8 REASONS WHY BUYERS (AND AGENTS) PREFER VIRTUAL TOURS OVER VIDEO

virtual-tourIntroduction: 

Before the pandemic, 360° Virtual Tours were a fringe element of real estate marketing, often reserved exclusively to market luxury properties. During this not-so-long-ago era, there was even confusion as to what constituted a Virtual Tour - some agents reported submitting images to a provider only to have a slideshow returned to them; some clients reported asking their agent to provide a Virtual Tour and discovering that the agent had posted a video walkthrough instead. 

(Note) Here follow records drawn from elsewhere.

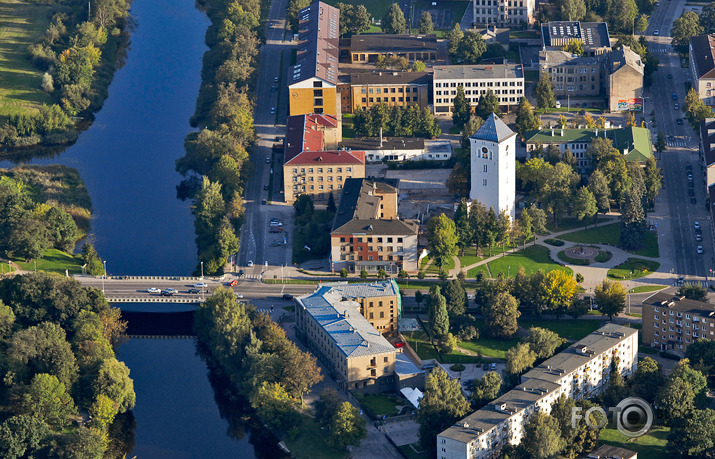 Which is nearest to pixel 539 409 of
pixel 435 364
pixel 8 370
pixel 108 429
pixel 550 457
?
pixel 550 457

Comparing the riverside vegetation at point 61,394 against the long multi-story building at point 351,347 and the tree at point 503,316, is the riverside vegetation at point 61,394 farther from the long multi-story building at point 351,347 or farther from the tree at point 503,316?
the tree at point 503,316

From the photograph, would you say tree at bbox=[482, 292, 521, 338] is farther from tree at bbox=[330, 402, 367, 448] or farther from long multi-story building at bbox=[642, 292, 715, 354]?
tree at bbox=[330, 402, 367, 448]

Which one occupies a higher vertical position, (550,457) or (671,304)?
(671,304)

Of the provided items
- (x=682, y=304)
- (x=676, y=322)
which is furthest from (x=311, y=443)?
(x=682, y=304)

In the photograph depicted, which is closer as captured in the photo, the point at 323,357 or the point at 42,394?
the point at 42,394

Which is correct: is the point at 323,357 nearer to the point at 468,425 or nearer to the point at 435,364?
the point at 435,364

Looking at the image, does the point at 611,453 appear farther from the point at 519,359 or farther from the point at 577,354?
the point at 577,354

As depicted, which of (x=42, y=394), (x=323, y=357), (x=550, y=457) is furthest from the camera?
(x=323, y=357)

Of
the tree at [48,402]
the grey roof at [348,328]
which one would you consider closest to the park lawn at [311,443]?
the grey roof at [348,328] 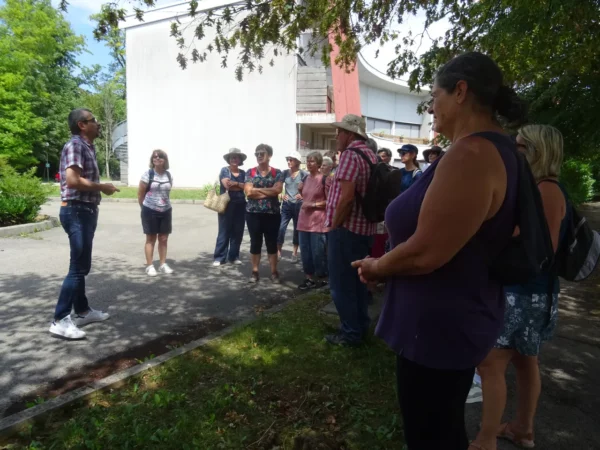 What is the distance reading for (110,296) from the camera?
5.38 m

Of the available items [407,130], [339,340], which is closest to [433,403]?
[339,340]

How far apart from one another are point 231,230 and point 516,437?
17.4 ft

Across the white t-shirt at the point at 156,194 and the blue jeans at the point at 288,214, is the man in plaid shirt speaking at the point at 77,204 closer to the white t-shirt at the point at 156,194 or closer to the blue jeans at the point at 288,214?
the white t-shirt at the point at 156,194

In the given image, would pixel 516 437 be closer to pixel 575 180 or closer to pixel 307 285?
pixel 307 285

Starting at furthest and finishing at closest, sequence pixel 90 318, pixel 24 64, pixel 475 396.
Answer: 1. pixel 24 64
2. pixel 90 318
3. pixel 475 396

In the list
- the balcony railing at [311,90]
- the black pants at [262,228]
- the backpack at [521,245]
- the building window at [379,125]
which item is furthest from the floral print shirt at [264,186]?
the building window at [379,125]

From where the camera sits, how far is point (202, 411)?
111 inches

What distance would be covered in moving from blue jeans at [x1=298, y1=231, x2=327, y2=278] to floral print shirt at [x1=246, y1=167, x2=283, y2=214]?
0.57 metres

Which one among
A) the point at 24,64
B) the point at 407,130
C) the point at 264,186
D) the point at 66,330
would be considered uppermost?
the point at 24,64

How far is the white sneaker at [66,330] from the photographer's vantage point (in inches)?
157

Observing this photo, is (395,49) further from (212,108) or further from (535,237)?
(212,108)

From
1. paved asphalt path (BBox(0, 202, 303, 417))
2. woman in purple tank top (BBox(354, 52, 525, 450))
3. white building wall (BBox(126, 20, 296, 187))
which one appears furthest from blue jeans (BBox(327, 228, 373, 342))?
white building wall (BBox(126, 20, 296, 187))

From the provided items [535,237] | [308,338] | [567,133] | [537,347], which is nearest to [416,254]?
[535,237]

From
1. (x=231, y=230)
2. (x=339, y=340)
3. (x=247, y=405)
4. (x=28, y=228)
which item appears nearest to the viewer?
(x=247, y=405) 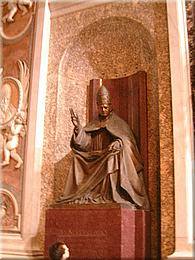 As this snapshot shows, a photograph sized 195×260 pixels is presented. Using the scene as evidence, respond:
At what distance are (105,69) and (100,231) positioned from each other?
195cm

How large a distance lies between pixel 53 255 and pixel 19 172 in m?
1.41

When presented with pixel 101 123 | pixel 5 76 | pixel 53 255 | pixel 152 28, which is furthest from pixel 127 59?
pixel 53 255

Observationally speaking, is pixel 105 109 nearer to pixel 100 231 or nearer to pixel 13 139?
pixel 13 139

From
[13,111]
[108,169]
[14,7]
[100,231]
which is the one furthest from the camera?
[14,7]

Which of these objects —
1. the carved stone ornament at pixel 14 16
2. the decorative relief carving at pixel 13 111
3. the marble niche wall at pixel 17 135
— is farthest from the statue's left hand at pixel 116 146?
the carved stone ornament at pixel 14 16

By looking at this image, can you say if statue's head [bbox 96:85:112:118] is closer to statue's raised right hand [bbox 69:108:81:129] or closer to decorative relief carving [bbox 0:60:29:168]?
statue's raised right hand [bbox 69:108:81:129]

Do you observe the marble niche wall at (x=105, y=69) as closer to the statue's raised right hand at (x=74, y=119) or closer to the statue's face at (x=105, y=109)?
the statue's face at (x=105, y=109)

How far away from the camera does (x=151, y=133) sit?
3957 millimetres

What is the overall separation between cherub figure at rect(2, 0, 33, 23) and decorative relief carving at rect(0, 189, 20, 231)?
1.97m

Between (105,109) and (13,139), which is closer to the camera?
(105,109)

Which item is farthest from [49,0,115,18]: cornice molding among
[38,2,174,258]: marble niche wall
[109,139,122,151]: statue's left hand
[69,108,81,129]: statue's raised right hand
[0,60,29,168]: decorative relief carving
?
[109,139,122,151]: statue's left hand

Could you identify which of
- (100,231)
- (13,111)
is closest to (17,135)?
(13,111)

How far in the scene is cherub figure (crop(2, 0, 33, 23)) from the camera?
4.75m

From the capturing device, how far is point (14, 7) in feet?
15.8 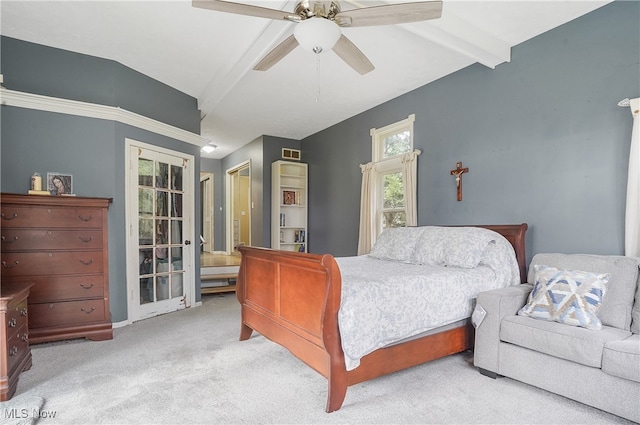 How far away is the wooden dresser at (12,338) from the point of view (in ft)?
6.84

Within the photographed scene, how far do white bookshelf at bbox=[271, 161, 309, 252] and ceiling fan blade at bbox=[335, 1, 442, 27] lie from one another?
4.33 m

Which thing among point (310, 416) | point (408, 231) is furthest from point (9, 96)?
point (408, 231)

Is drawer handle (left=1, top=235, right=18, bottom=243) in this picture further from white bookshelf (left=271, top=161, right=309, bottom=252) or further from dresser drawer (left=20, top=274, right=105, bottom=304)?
white bookshelf (left=271, top=161, right=309, bottom=252)

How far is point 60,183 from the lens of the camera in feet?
10.9

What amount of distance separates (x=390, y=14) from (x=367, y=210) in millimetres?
3115

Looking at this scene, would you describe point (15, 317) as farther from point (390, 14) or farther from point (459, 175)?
point (459, 175)

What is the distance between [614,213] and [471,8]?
6.39ft

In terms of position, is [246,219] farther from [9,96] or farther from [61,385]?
[61,385]

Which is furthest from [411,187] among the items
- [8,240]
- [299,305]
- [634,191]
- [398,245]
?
[8,240]

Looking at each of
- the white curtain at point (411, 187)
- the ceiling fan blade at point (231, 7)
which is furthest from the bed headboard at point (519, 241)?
the ceiling fan blade at point (231, 7)

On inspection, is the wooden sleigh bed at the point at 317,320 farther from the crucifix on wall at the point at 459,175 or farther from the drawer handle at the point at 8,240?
the drawer handle at the point at 8,240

Now that the 360° Virtual Tour has become so crucial to real estate marketing, most buyers, sellers, and agents know the differences between a slideshow, a video walkthrough, and a Virtual Tour.  And now that these differences are clearly understood, it has also become clear that property buyers and real estate agents prefer 360° Virtual Tours by a wide margin over the other options. 

This divide seems to be growing. National Association of Realtors’ 2022 Home Buyers and Sellers Generational Trends report revealed that only 28% of buyers found video to be a useful website feature in their property search - down from 47% the year before. 

In another survey, Zillow found that more than 80% of millennials (the demographic that now buys the most real estate in the United States) would like to view 3D Virtual Tours and digital Floor Plans when shopping for a home. 

In yet another survey, Realtor.com has found that listings with a Virtual Tour receive 87% more views than those that don’t include one. 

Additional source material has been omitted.